A programação da segunda edição do evento, realizado a cada dois anos pelo Instituto Alana, abrange a discussão para diversas áreas do conhecimento. As mesas de debate Educação, Consumo e Infância e Sociedade de Consumo serão mediadas, respectivamente, pela professora doutora da UERJ e da PUC-RJ Solange Jobim e pelo economista e professor doutor da PUC-SP Ladislau Dowber. O filósofo Mário Sérgio Cortella, a professora de Harvard Susan Linn, o psicólogo e professor doutor da USP Yves de La Taille e a coordenadora da MULTIRIO Regina de Assis participam da primeira rodada no dia 24.

A segunda mesa, no dia 25, reunirá a coordenadora científica da Clearnghouse, um dos maiores centros de estudos sobre infância e mídia do mundo, Cecília von Feilitzen, o presidente do Instituto de Estudos Econômicos e Internacionais (IEEI) Gilberto Dupas, o doutor em Direito do Consumidor Marcelo Sodré e o professor doutor da USP e da ESPM Clóvis de Barros Filho.

Na noite de abertura do 2º Fórum, no dia 23, a presidente do Instituto Alana, Ana Lúcia Villela, e a coordenadora geral do Projeto Criança e Consumo, Isabella Henriques, farão uma breve apresentação sobre o trabalho da entidade, seguida de coquetel. No encerramento, os participantes assistirão à animação Como seria uma vida sem publicidade?, criada durante um workshop de 15 crianças do Educando na Periferia, outro projeto do Instituto Alana, com o Núcleo de Animação da MULTIRIO - Empresa Municipal de Multimeios da Prefeitura do Rio de Janeiro. O workshop será realizado de 8 a 13 de setembro, uma semana antes do Fórum.

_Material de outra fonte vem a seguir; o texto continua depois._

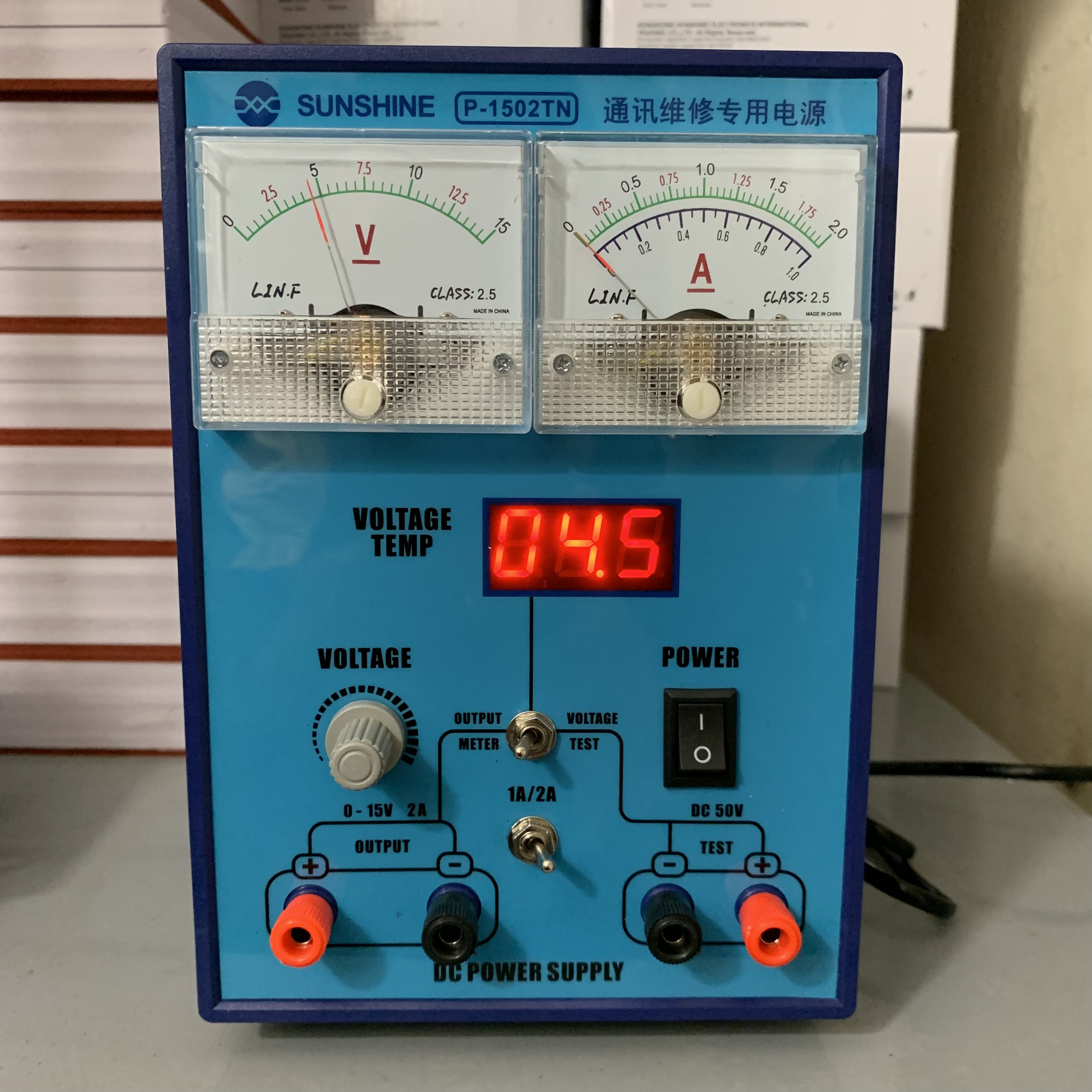 Máy cấp nguồn 2A-15V SUNSHINE P-1502TN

As inscrições para o Fórum são gratuitas, mas as vagas limitadas. A organização espera receber cerca de 800 participantes no evento.

Serviço:
2º Fórum Internacional Criança e Consumo
Data: de 23 a 25 de setembro de 2008
Horário: 18h30
Local: Itaú Cultural - Avenida Paulista, 149, São Paulo, SP
Para participar: inscrições pelo site www.forumcec.org.br

Projeto Criança e Consumo
Desde 2005, o Projeto Criança e Consumo desenvolve atividades que despertam a consciência crítica da sociedade brasileira a respeito das práticas de consumo de produtos e serviços por crianças e adolescentes. Debater e apontar meios que minimizam os impactos negativos causados pelos investimentos maciços na mercantilização da infância e da juventude, tais como o consumismo, a erotização precoce, a incidência alarmante de obesidade infantil, a violência na juventude, o materialismo excessivo, o desgaste das relações sociais, dentre outros, faz parte do conjunto de ações pioneiras do Projeto que busca, como uma de suas metas, a proibição legal e expressa de toda e qualquer comunicação mercadológica dirigida à criança no Brasil. Para isso, trabalha em três áreas de forma interdisciplinar: Jurídico-Institucional; Educação e Pesquisa; e Comunicação e Eventos.

Instituto Alana
O Instituto Alana é uma organização sem fins lucrativos criada em 1994 que tem como missão fomentar e promover a assistência social, a educação, a cultura, a proteção e o amparo da população em geral, visando a valorização do homem e a melhoria da sua qualidade de vida, conscientizando-o para que atue em favor de seu desenvolvimento, do desenvolvimento de sua família e da comunidade em geral, sem distinção de raça, cor, posicionamento político partidário ou credo religioso. É também incumbência do Instituto desenvolver atividades em prol da defesa dos direitos das crianças e dos adolescentes relacionadas a relações de consumo em geral, bem como ao excessivo consumismo ao qual são expostos.